Special Bulletin 27 — May 2012
SH v R [2012] NSWCCA 79
Competence — failure of court to comply with s 13(5) Evidence Act 1995
In SH v R, the trial court failed to comply with the competence provisions in the Evidence Act 1995. If a witness is not competent to give sworn evidence about a fact — because the person does not have the capacity to understand that he or she is under an obligation to give truthful evidence (s 13(3)) — he or she may, subject to s 13(5), be competent to give unsworn evidence: s 13(4).
Section 13(5) provides:
A person who, because of subsection (3), is not competent to give sworn evidence is competent to give unsworn evidence if the court has told the person:
- (a)
that it is important to tell the truth, and
- (b)
that he or she may be asked questions that he or she does not know, or cannot remember, the answer to, and that he or she should tell the court if this occurs, and
- (c)
that he or she may be asked questions that suggest certain statements are true or untrue and that he or she should agree with the statements that he or she believes are true and should feel no pressure to agree with statements that he or she believes are untrue. [Emphasis added.]

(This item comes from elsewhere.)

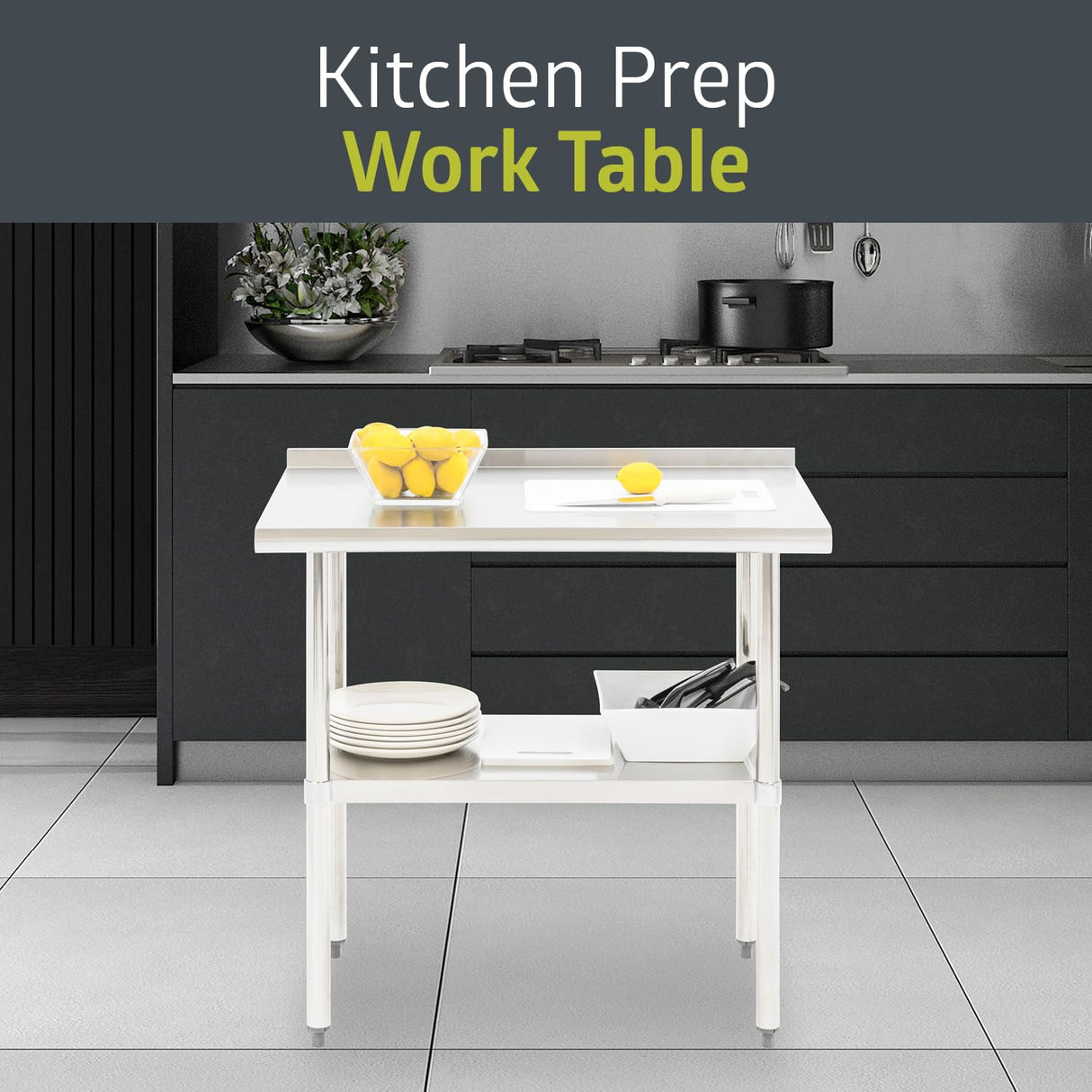 Pearington NSF Certified Stainless Steel Kitchen Prep and Work Table, Commercial Work Table for Restaurant and Home, 36" x 24", Stainless Steel Pearington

The court (Basten JA; Blanch and Hall JJ agreed) held that ss 13(4) and (5) Evidence Act (amended by the Evidence Amendment Act 2007) introduced “the idea of a condition of competence”: at [19]. Section 13(4) is subject to s 13(5). Although s 13(4) uses the term “may” there is no residual discretion to decline to allow unsworn evidence to be given once the terms of s 13(4) have been met: at [26]. Competence is said to arise in s 13(5) “if” the court has told the prospective witness the matters referred to in s 13(5)(a)–(c). Careful and strict compliance with these provisions is required.
Despite an attempt to do so (see [32]), the court failed to comply with the strict terms of s 13(5)(c) by omitting to tell the witness that she should feel no pressure to agree with statements that she believes are untrue: at [33]–[34]. The fact that the prosecutor had earlier questioned the witness to the effect that she “shouldn’t feel under any pressure” (see [28]) did not overcome the problem: at [35]. The instruction in s 13(5)(c) must be provided by the court and not the person likely to be doing the questioning: at [13]. Section 13(5)(c) does not require the instruction to the prospective witness to be given in a particular form but to a particular effect: at [22]. The effect of the omission was that the trial had not been conducted according to law and the conviction had to be set aside: at [35].
A reference to the case will be added to the discussion of competence in the Criminal Trial Courts Bench Book, Child Witness/Accused at [1-123].